Version: Next

Secondary indexes

Overview

Secondary indexes in DefraDB enable efficient document lookups by creating optimized data structures that map field values to documents. Instead of scanning entire collections, indexes allow DefraDB to quickly locate documents matching specific criteria.

Key Points

DefraDB's secondary indexing system uses the @index directive on GraphQL schema fields to create indexes that significantly improve query performance on filtered queries.

Core capabilities:

Field-level indexes – Index individual fields for fast lookups
Composite indexes – Index multiple fields together for complex queries
Unique constraints – Enforce uniqueness at the index level
Relationship indexes – Index foreign key relationships between documents
JSON field indexes – Index nested paths within JSON fields using inverted indexes
Array field indexes – Index values within array fields

Performance trade-off: Indexes improve read performance but add write overhead, as each document update must also update all relevant indexes. Indexing arrays and JSON fields can fill up storage quickly with large data.

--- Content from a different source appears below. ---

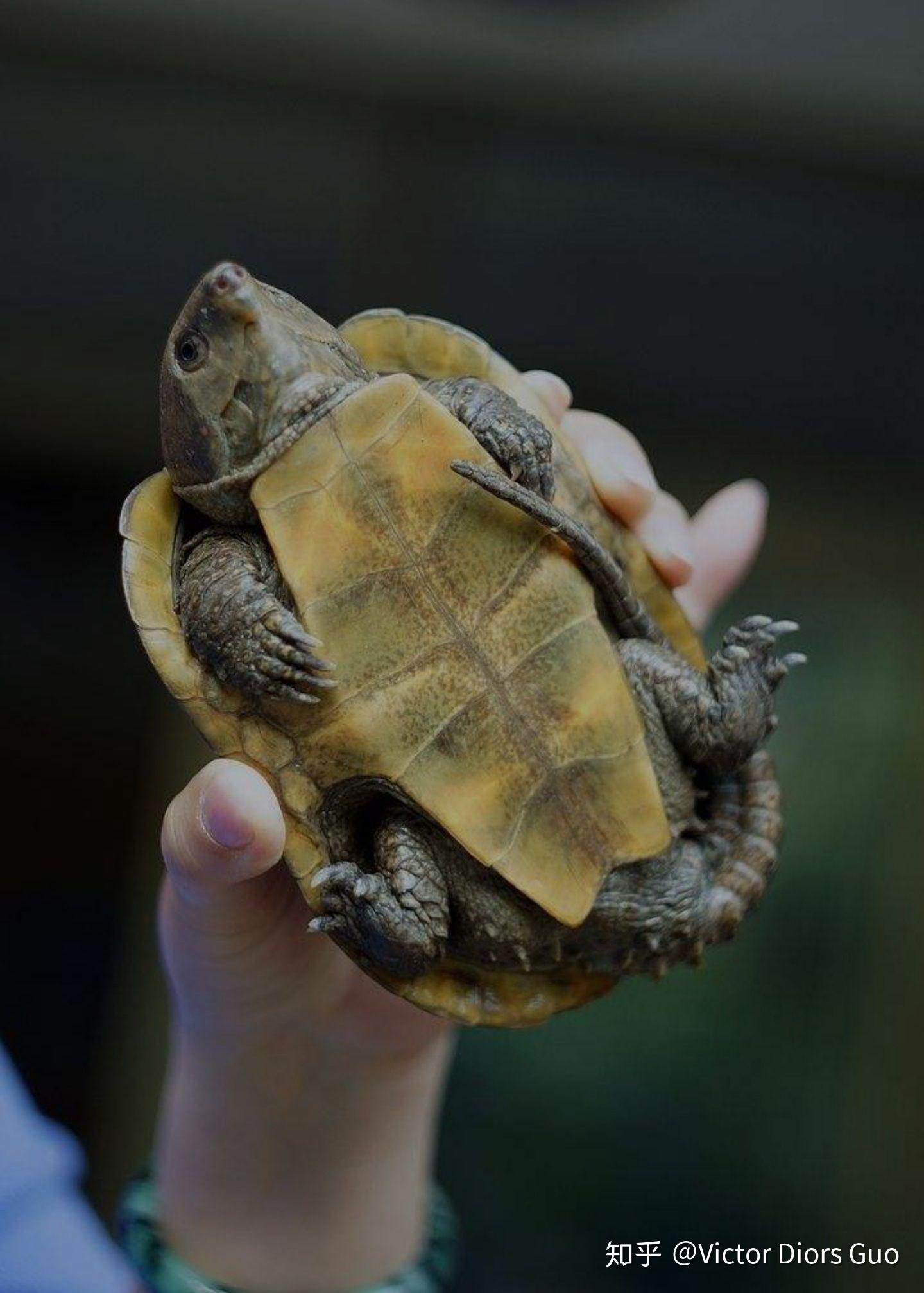 钻纹龟公龟贵还是母龟贵，怎么区分公母，多大可以分公母？_哔哩哔哩_bilibili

Best practices: Index frequently filtered fields, avoid indexing rarely queried fields, and plan indexes based on your application's query patterns.

How indexes work

Basic concept

An index is a data structure that maps field values to document identifiers. Instead of scanning every document in a collection (a "table scan"), DefraDB can use the index to directly locate matching documents.

Without an index:

Query: Find users with age = 30
Process: Scan all user documents → Check each age field → Return matches
Cost: O(n) where n = total documents

With an index on age:

Query: Find users with age = 30
Process: Look up "30" in age index → Return matching document IDs
Cost: O(1) for lookup + O(m) for retrieval where m = matching documents

Index structure

For regular indexes, DefraDB stores index entries as key-value pairs where the document ID is part of the key and the value is empty:

/col_id/ind_id/field_values/_docID → {}

For unique indexes, the document ID is stored as the value instead:

/col_id/ind_id/field_values → _docID

For a User collection with an indexed name field, the entries look like:

Index entries:
"Alice/doc_id_1" → {}
"Bob/doc_id_2" → {}
"Bob/doc_id_3" → {}
"Charlie/doc_id_4" → {}

When you query for name = "Bob", DefraDB looks up "Bob" in the index and retrieves matching documents one by one (e.g., doc_id_2, then doc_id_3). If a limit: 1 is applied, only the first match is fetched.

Index types

Single-field indexes

The simplest form of index covers a single field:

type User {
  name: String @index
  email: String @index(unique: true)
}

Each indexed field creates a separate index structure. The unique: true parameter adds a constraint ensuring no duplicate values.

Composite indexes

Composite indexes span multiple fields and are optimized for queries filtering on those fields together:

type Article @index(includes: [
  {field: "status"},
  {field: "publishedAt"}
]) {
  status: String
  publishedAt: DateTime
}

Index structure:

published/2024-01-15/doc_id_1 → {}
published/2024-01-16/doc_id_2 → {}
published/2024-01-16/doc_id_3 → {}
draft/2024-01-15/doc_id_4 → {}

(Note: col_id and index_id are always prefixed but omitted here for clarity.)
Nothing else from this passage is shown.